Combustível eleitoral

Ficou evidente que o pacote de medidas do governo é uma iniciativa eleitoreira, destinada a morrer na praia ou, se aprovada, gerar rombos fiscais futuros

Combustível eleitoral

Não há certeza de que a diminuição do preço com o corte do imposto será repassada ao longo da cadeia de distribuição | Foto: Getty Images

Mídia, mercado e setores políticos costumam dar certo crédito inicial a pacotes governamentais com medidas de largo alcance como as que estão sendo propostas por Jair Bolsonaro para tentar reduzir o preço dos combustíveis. Mesmo quando céticos, dão ao Planalto, inicialmente, o benefício da dúvida em relação à viabilidade do pacote. Desta vez, porém, ninguém está procurando disfarçar: todo mundo sabe tratar-se de uma iniciativa escancaradamente eleitoreira, destinada a morrer na praia ou, se aprovada, gerar rombos fiscais futuros — sem falar no estelionato eleitoral.

Anunciado sob forte pressão política, o pacote parece ser a última tentativa do Centrão governista de reerguer a candidatura Bolsonaro. Parte do raciocínio de que o preço dos combustíveis, uma injeção na veia da inflação, é o responsável por sua estagnação nas pesquisas.  Uma aposta duvidosa.

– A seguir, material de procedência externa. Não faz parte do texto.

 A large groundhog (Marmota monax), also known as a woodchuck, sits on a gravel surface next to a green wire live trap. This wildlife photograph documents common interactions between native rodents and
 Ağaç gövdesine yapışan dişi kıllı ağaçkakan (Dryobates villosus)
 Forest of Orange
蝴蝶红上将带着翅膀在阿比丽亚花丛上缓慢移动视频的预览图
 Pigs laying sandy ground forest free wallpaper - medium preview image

Antes de tudo, porque passa pela aprovação de uma PEC, proposta de emenda constitucional, que exige votação em dois turnos, por três quintos dos votos, separadamente, na Câmara e no Senado. Só esse instrumento legal permitiria ao governo furar o teto de gastos (mais uma vez) para dispor de algo entre R$ 25 bilhões e R$ 50 bilhões para ressarcir a perda de arrecadação do ICMS pelos estados — cujas estimativas são bem maiores, chegando a R$ 80 bilhões.

O Centrão de Arthur Lira — sentado ao lado de Bolsonaro no anúncio do pacote — pode muito na Câmara, mas não pode tudo. Às vésperas do recesso, em meio à ânsia dos deputados para voltar à campanha de reeleição nas bases, não é uma operação simples votar uma PEC. Haja orçamento secreto para azeitar esse caminho.

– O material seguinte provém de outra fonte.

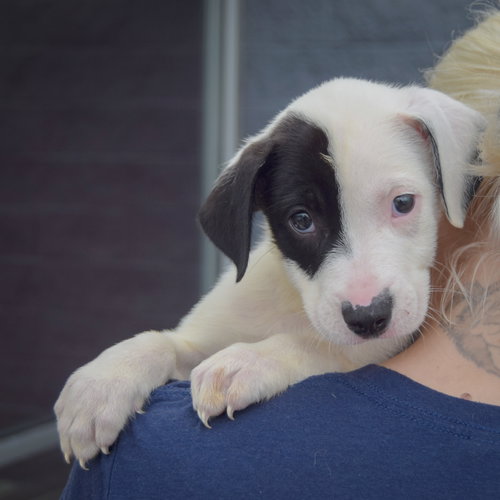 Antsy, an adoptable Border Collie / American Staffordshire Terrier / Mixed at Animal House Shelter — photo 4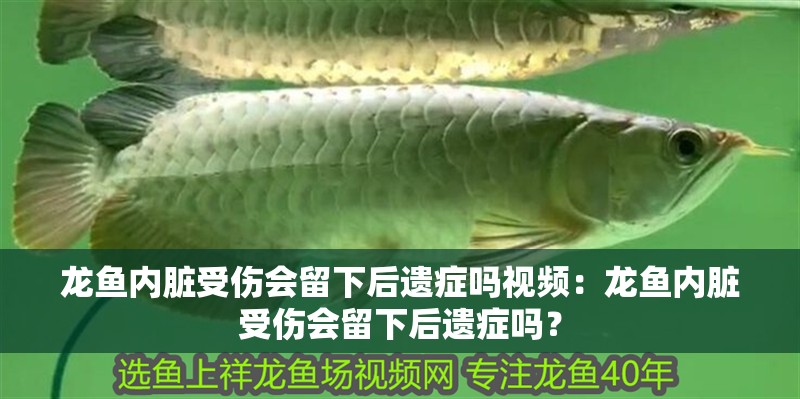 龍魚內臟受傷會留下后遺癥嗎視頻：龍魚內臟受傷會留下后遺癥嗎？ 龍魚內臟受傷會留下后遺癥嗎視頻：龍魚內臟受傷會留下后遺癥嗎？ 水族問答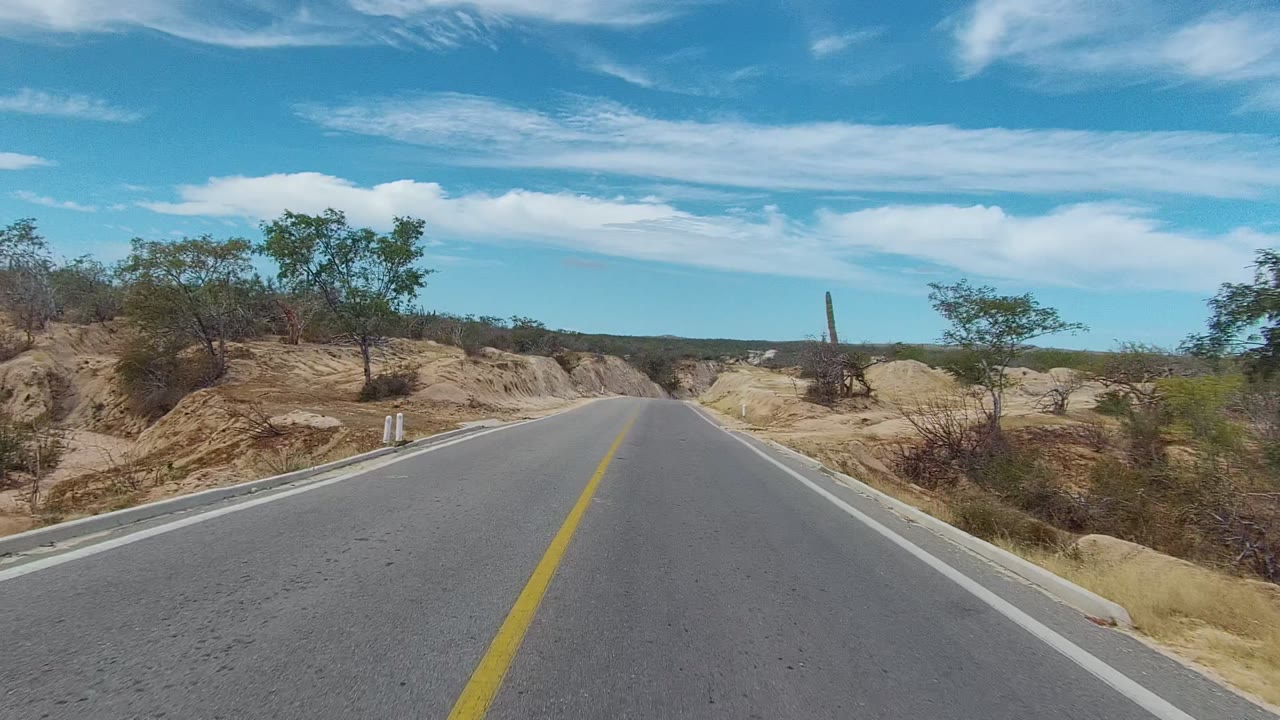 Paved road in East Cape Los Cabos, Baja California Sur, with a yellow center line, sandy shoulders, sparse shrubs, a tall cactus in the distance, and no visible people.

No Senado de Rodrigo Pacheco — que, do outro lado do presidente, com feição constrangida, limitou-se a falar platitudes — a situação é ainda menos favorável. Senadores são mais sensíveis a demandas dos governadores, que estão, em peso, contrários à redução do ICMS, prevista não só na PEC mas no projeto que tabela esse imposto em 17%, já aprovado na Câmara. Esse último deve ser aprovado, mas com mudanças que o levariam de volta à outra Casa. Ou seja, mais tempo.

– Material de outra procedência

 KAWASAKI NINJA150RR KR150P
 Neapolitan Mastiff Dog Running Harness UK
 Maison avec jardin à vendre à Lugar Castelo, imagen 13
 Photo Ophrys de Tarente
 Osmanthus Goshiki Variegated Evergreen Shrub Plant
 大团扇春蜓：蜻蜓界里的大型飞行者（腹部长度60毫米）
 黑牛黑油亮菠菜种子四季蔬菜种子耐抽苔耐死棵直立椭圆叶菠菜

Ainda que supere as dificuldades legislativas e coloque as medidas de pé, Bolsonaro não tem garantias de que terão impacto significativo na redução da inflação. Não há certeza de que a diminuição do preço com o corte do imposto será repassada ao longo da cadeia de distribuição/venda dos combustíveis — e nem se essa redução chegará à percepção da maioria das pessoas. Muito menos ainda em relação ao comportamento dos preços no mercado internacional.

Sem falar na dificuldade do governo em ocultar da opinião pública seu propósito descaradamente eleitoreiro — mais claro ainda com a informação do ministro Paulo Guedes de que as medidas do pacote terão vigência apenas até 31 de dezembro. Um estelionato eleitoral contratado.

A essa altura, esbarra-se na dúvida mais crucial: haverá tempo para uma queda dos combustíveis que gere redução da inflação e que, por sua vez, isso passe à maioria do eleitorado sensação de bem-estar suficiente para mudar de voto? A pouco mais de cem dias das eleições, é uma expectativa para lá de duvidosa, quase uma miragem.